Data extract:
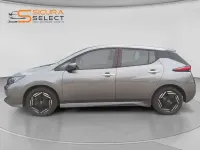 Usata Nissan Leaf Acenta 89 kW (122 CV) 2022 Grigio / tetto nero Utilitaria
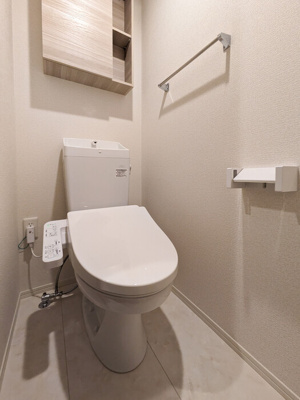 【トイレ】 | ノーブルパレス大原 | ゆったりとした空間のトイレです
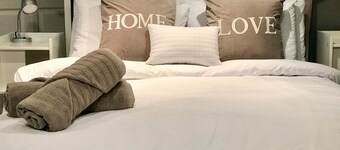 Ultra-clean basement apartment near Montreal airport!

Exercise brief: Please copy the data above word for word, but only from the line that contains "ノーブルパレス大原 | ゆったりとした空間のトイレです" through the final line, both included, and without the pictures.

Solution below:
 【トイレ】 | ノーブルパレス大原 | ゆったりとした空間のトイレです
 Ultra-clean basement apartment near Montreal airport!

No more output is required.